[论文解读] Roots Beneath the Cut: Uncovering the Risk of Concept Revival in Pruning-Based Unlearning for Diffusion Models

Pruning-based unlearning has recently emerged as a fast, training-free, and data-independent approach to remove undesired concepts from diffusion models. It promises high efficiency and robustness, offering an attractive alternative to traditional fine-tuning or editing-based unlearning. However, in this paper we uncover a hidden danger behind this promising paradigm. We find that the locations of pruned weights, typically set to zero during unlearning, can act as side-channel signals that leak critical information about the erased concepts. To verify this vulnerability, we design a novel attack framework capable of reviving erased concepts from pruned diffusion models in a fully data-free and training-free manner.
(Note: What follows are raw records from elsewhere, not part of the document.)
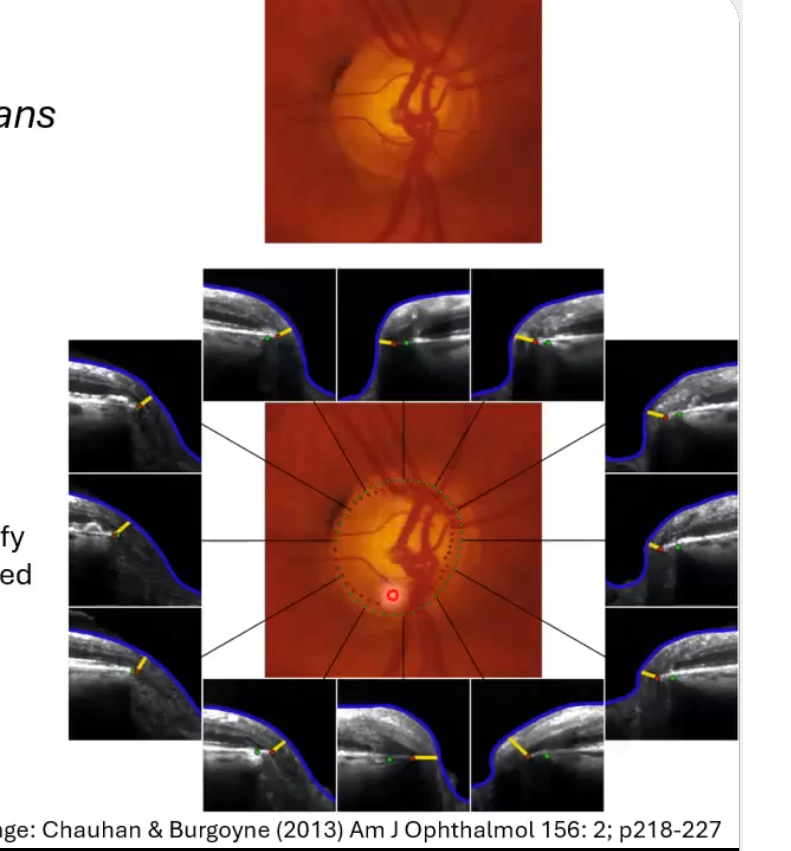 <p>can therefore sometimes identify areas of thinner rim than subjectively assessed</p><p>useful in glaucoma </p>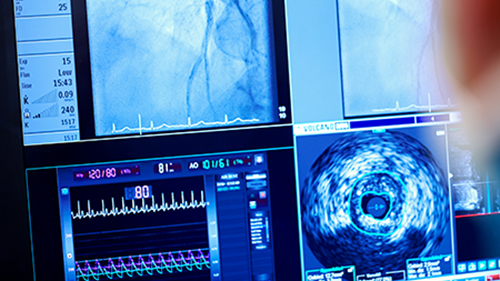 Kategoria &mdash; kardiologia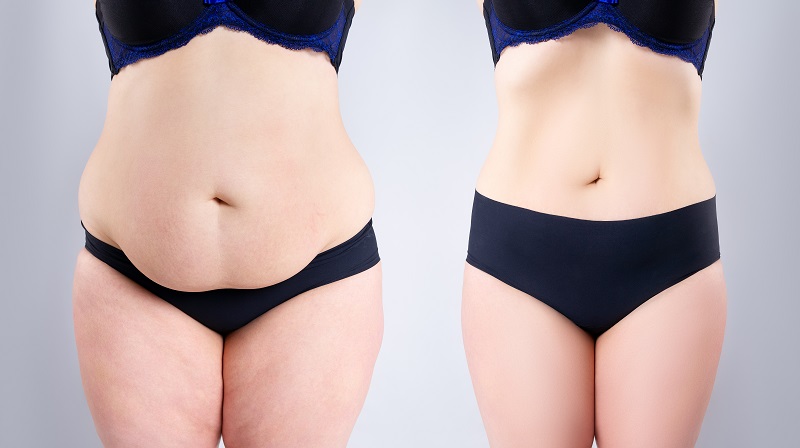 Liposuction: the before and after results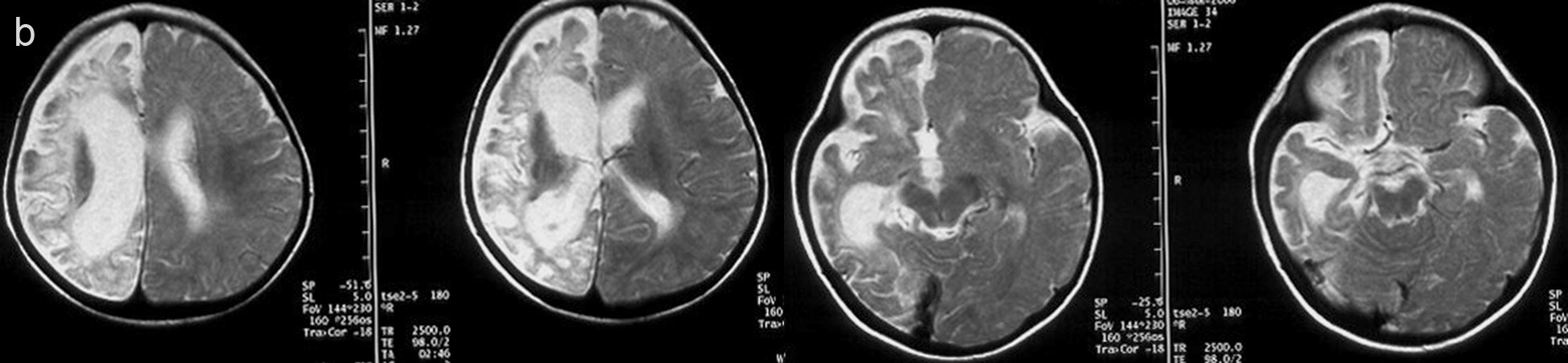 parahipokampal atrofi, 7 olguda (%44) ipsilateral serebral pedinkülde atrofi ve 3 olguda (%19) ipsilateral pons yarımında atrofi saptandı.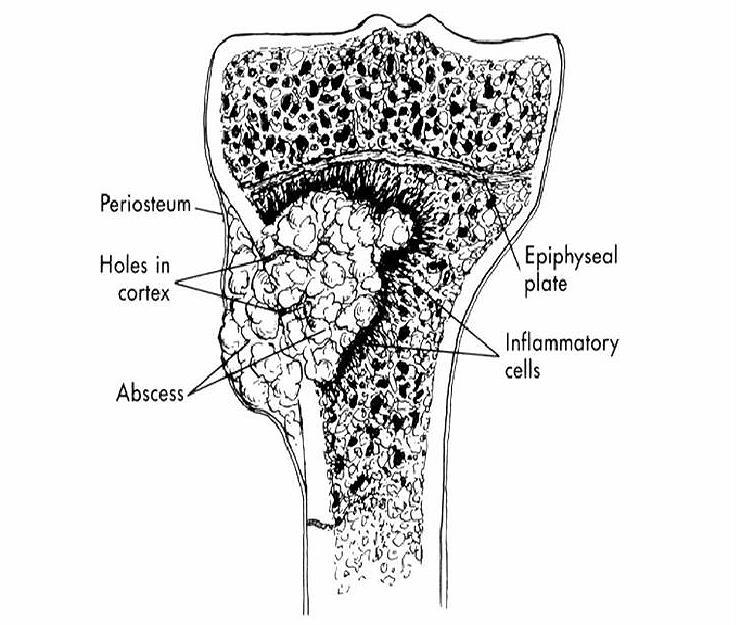 Haematogen fertőzés A baktérium embolus a metaphysis capillaris rendszerében akad meg Gyulladás Csontnecrosis, tályog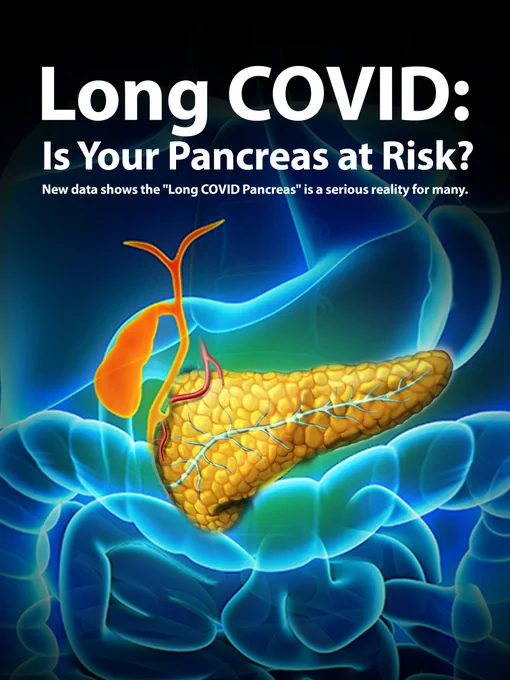 Visual, a picture of the pancreas in the center of a body.
Long COVID: Is Your Pancreas at Risk?
New data shows the "Long COVID Pancreas" is a serious reality for many.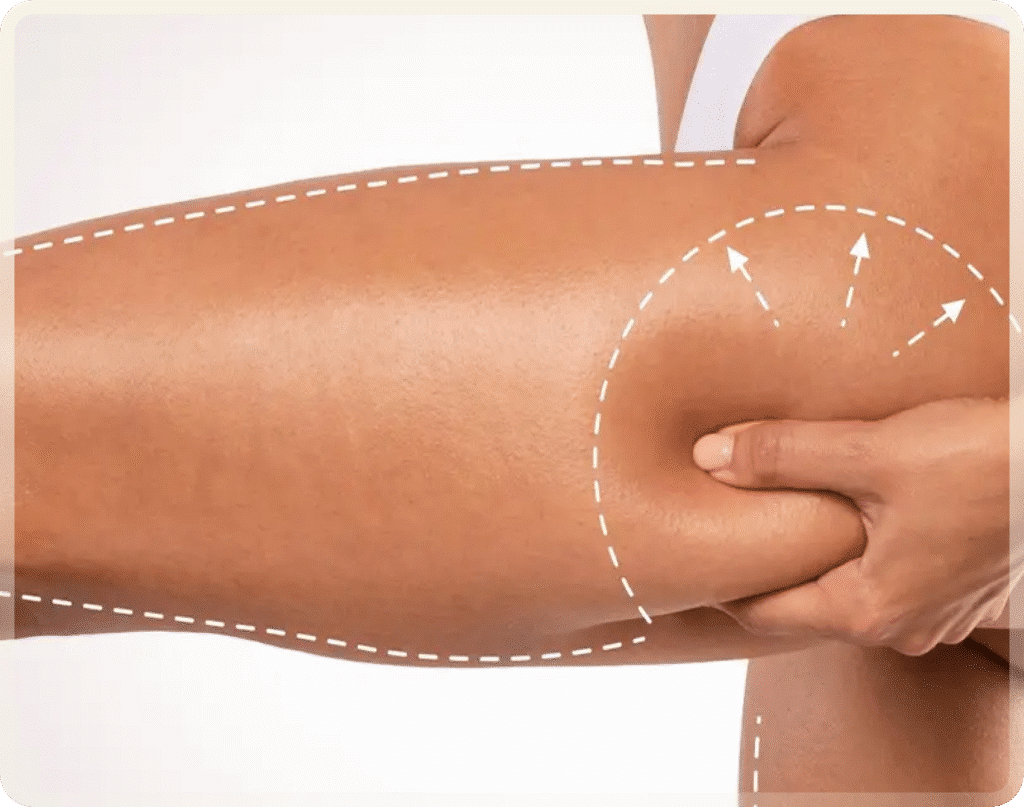 Thigh lift in turkey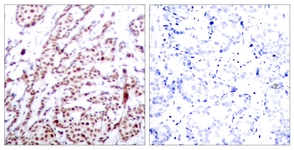 ATF2 (Phospho-Thr73 or 55) antibody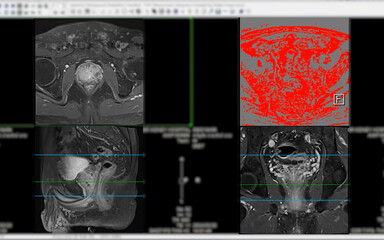 Wall Mural - MRI of the prostate gland, revealing an enlarged size.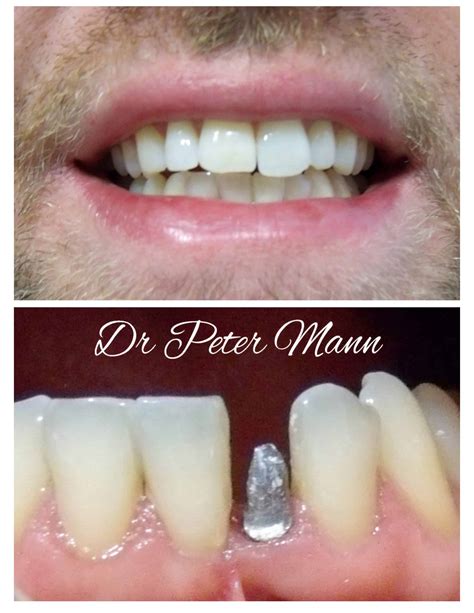 Mini Dental Implants Before And After Gallery Manhattan
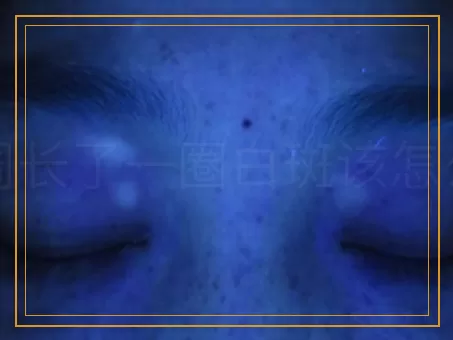 肛周长了一圈白斑该怎么治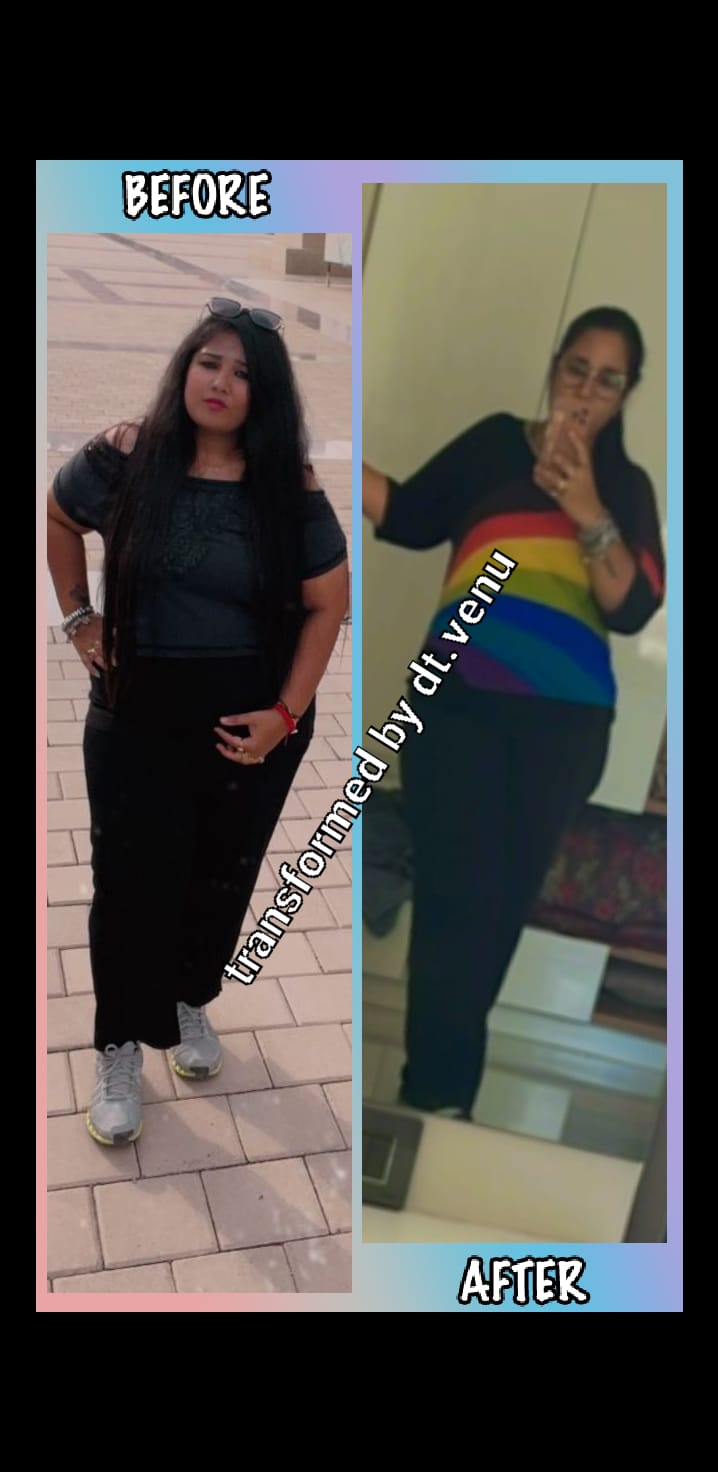 Dietician Venu Aggarwal Das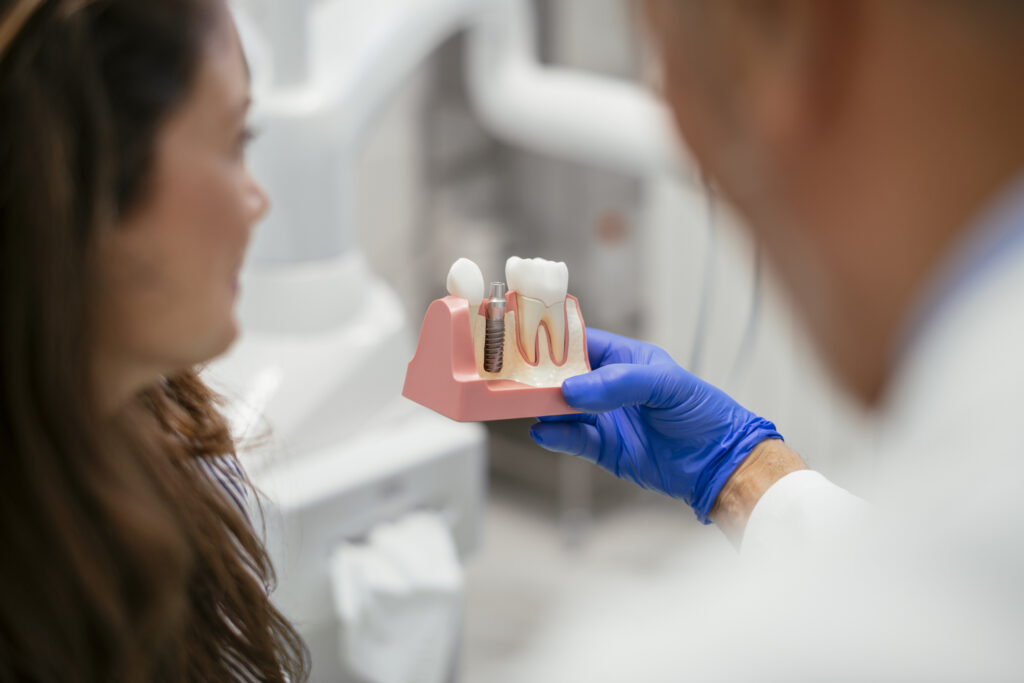 dudas sobre implantes dentales
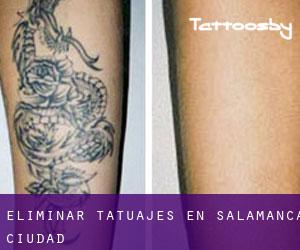 Eliminar tatuajes en Salamanca (Ciudad)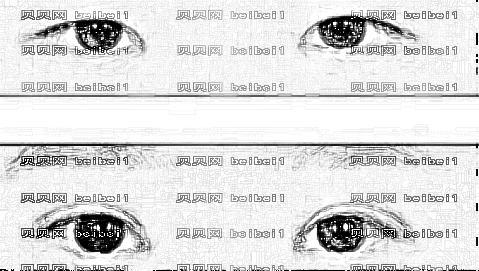 阜阳哪个医生做双眼皮厉害?阜阳李进超双眼皮做得好不好?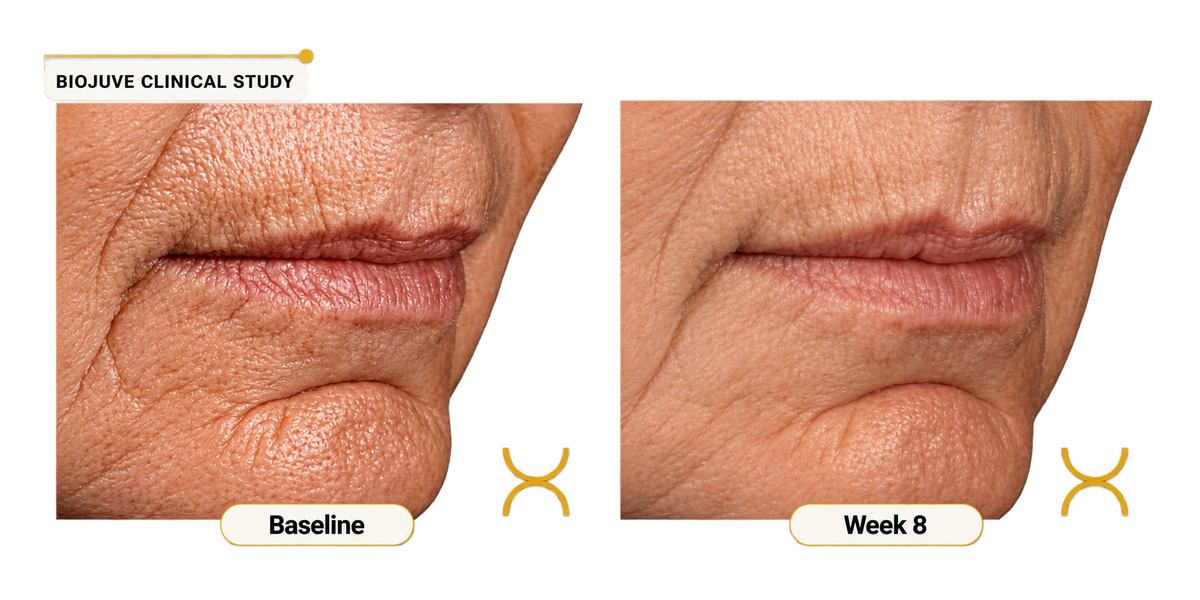 Probiotic Skincare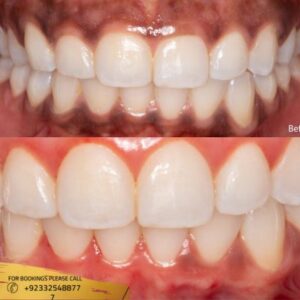 Gum Depigmentation before and after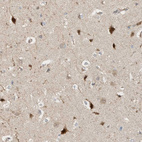 Immunohistochemical staining of human cerebral cortex shows strong cytoplasmic and nuclear positivity in neurons.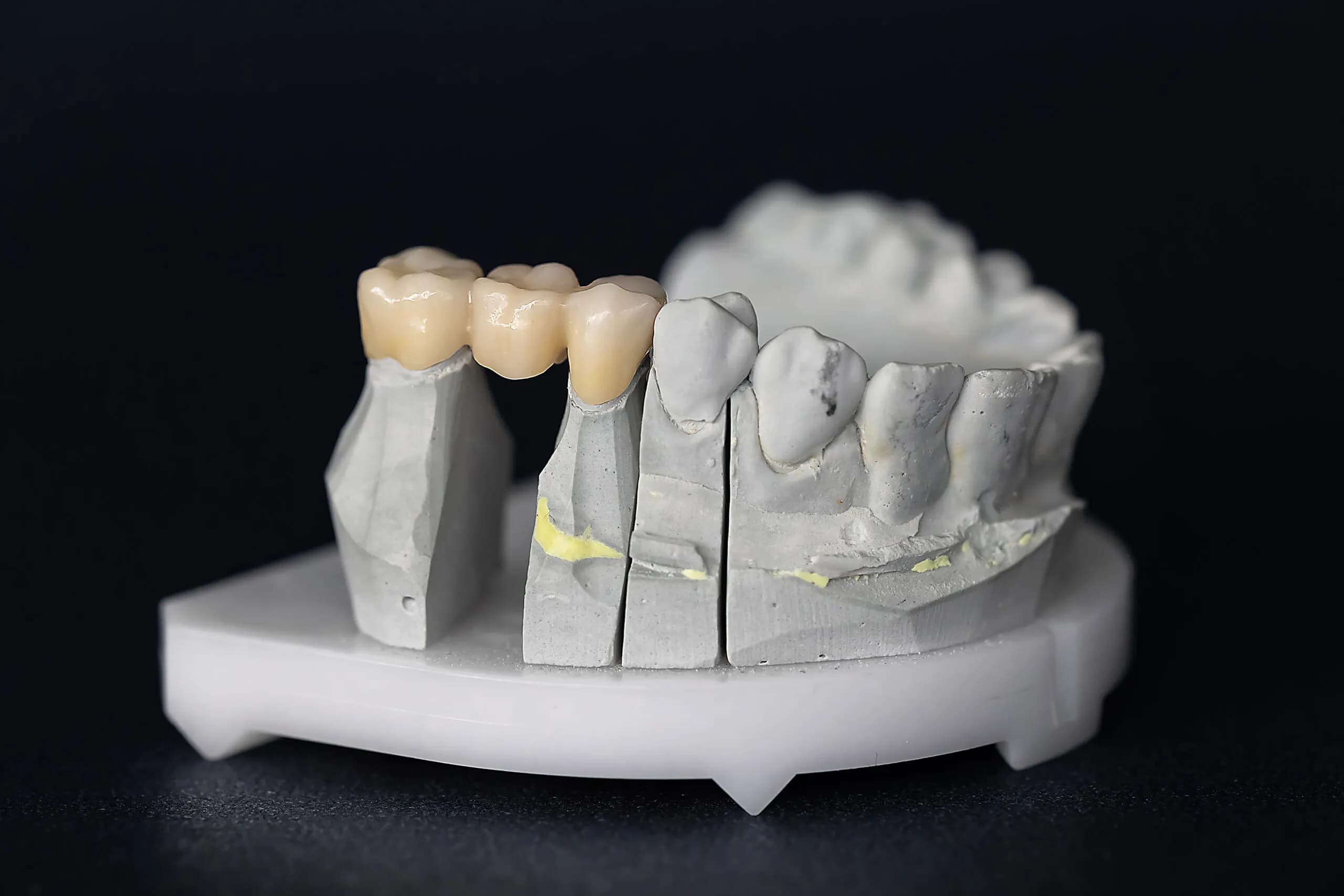 Dental Bridges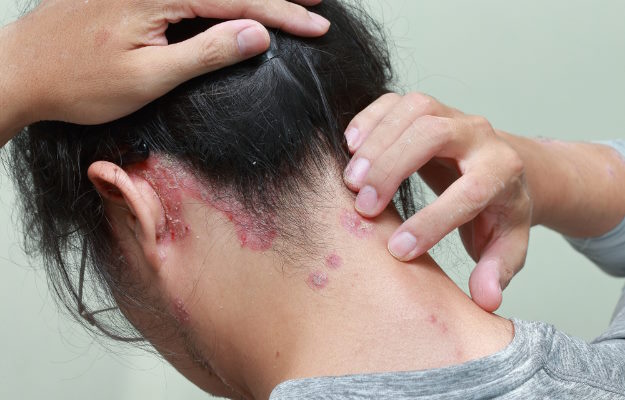 Stress Rash: Effects, and T...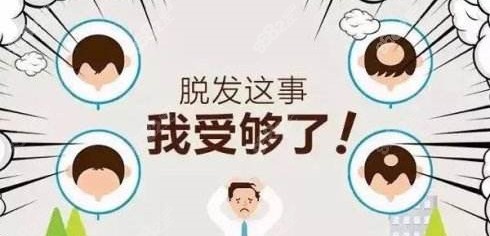 m型发际线脱发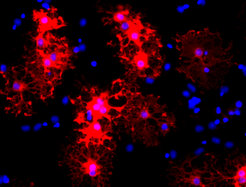 Reife Oligodendrozyten (roter Marker: Myelin-Basisches Protein) in einer in vitro Kultur. Sie differenzierten sich aus induzierten Oligodendrozyten-Vorläuferzellen (iOPC), die wiederum aus Perizyten entstanden sind (blau: Zellkerne).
Our experiments confirm that pruning-based unlearning is not inherently secure, as erased concepts can be effectively revived without any additional data or retraining. Extensive experiments on diffusion-based unlearning based on concept related weights lead to the conclusion: once the critical concept-related weights in diffusion models are identified, our method can effectively recover the original concept regardless of how the weights are manipulated. Finally, we explore potential defense strategies and advocate safer pruning mechanisms that conceal pruning locations while preserving unlearning effectiveness, providing practical insights for designing more secure pruning-based unlearning frameworks.